Chaplain’s Corner: LXXI
“You Are Not Alone”
In the late 1960’s, Dr. James Reddick-a Seattle Dentist and experienced mountaineer-took his 12 year old daughter and 11 year old son on a hike up the steep slopes of Mt. Rainier, the volcanic peak that towers above the city.
It was Memorial Day weekend, a time late enough on the calendar for hikers not to be overly worried about winter storms. But the family mountaineering adventure became a nightmare. A sudden blinding snowstorm with hurricane force winds trapped Reddick and his children against the side of the mountain.
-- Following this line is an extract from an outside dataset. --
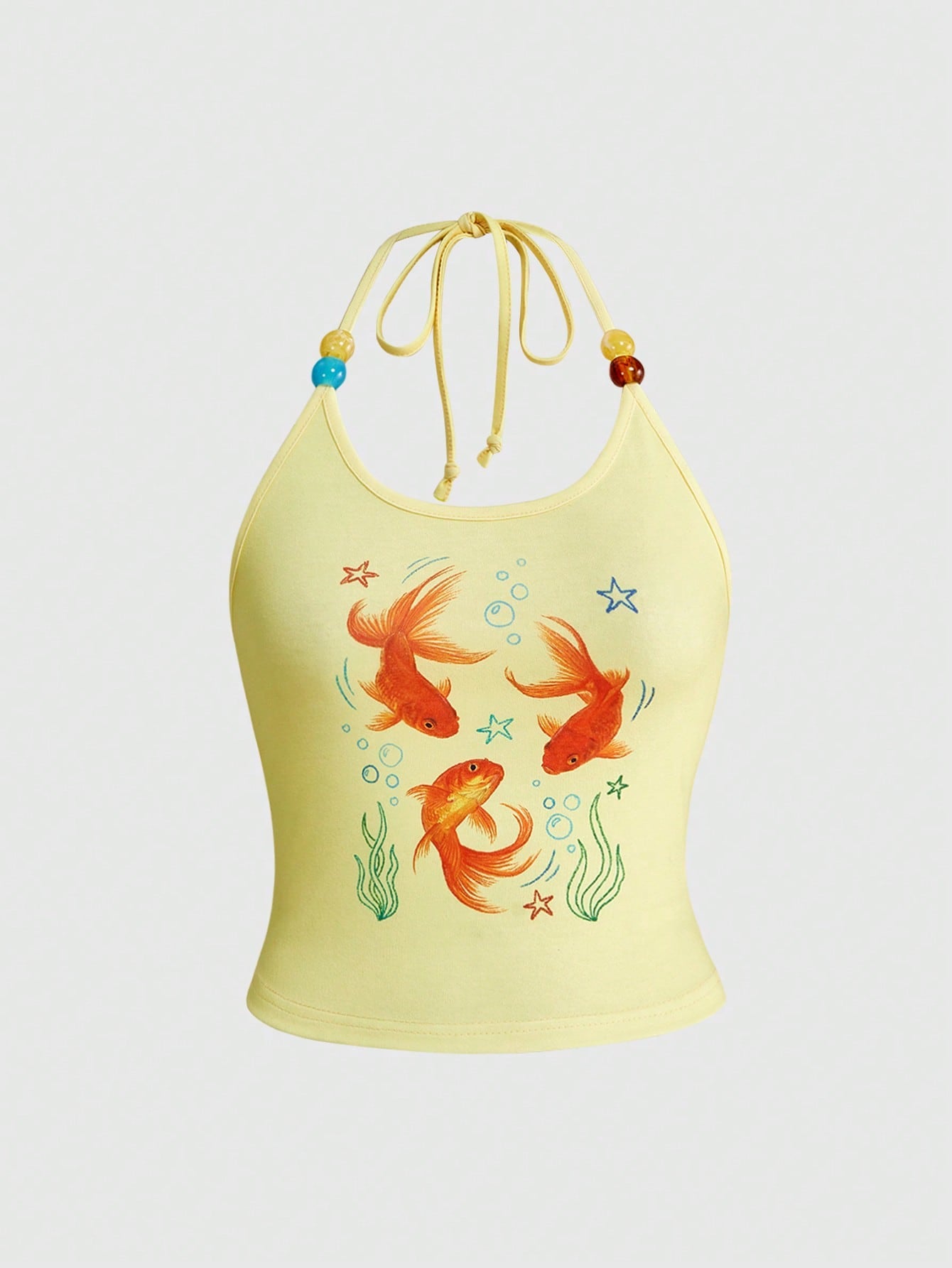 ROMWE Avant Y2K Cute Babe Island Vacation Goldfish Graffiti Print Plus Size Women Halter Top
Their visibility gone and their body temperatures dropping, Reddick began digging furiously with his aluminum mess kit, carving out a kind of cave in the snow.
He put David and Sharon into their sleeping bags and zipped them up, then he tried to figure out a way to seal up the entrance to the shelter.
As Tim Stafford tells the story, Reddick fixed a tarp by the opening. But the wind kept blowing it away.
Finally, Reddick lay down across the opening, using his own body weight to secure the tarp.
Forty-eight hours passed before rescuers saw the edge of a backpack protruding from the snow. Digging deep into the mound before them, they uncovered the two children warm and alive. But James Reddick didn’t make it. In the words of one of the rescuers, he had “taken the cold spot,” using his own body as one of the walls of the protective shelter.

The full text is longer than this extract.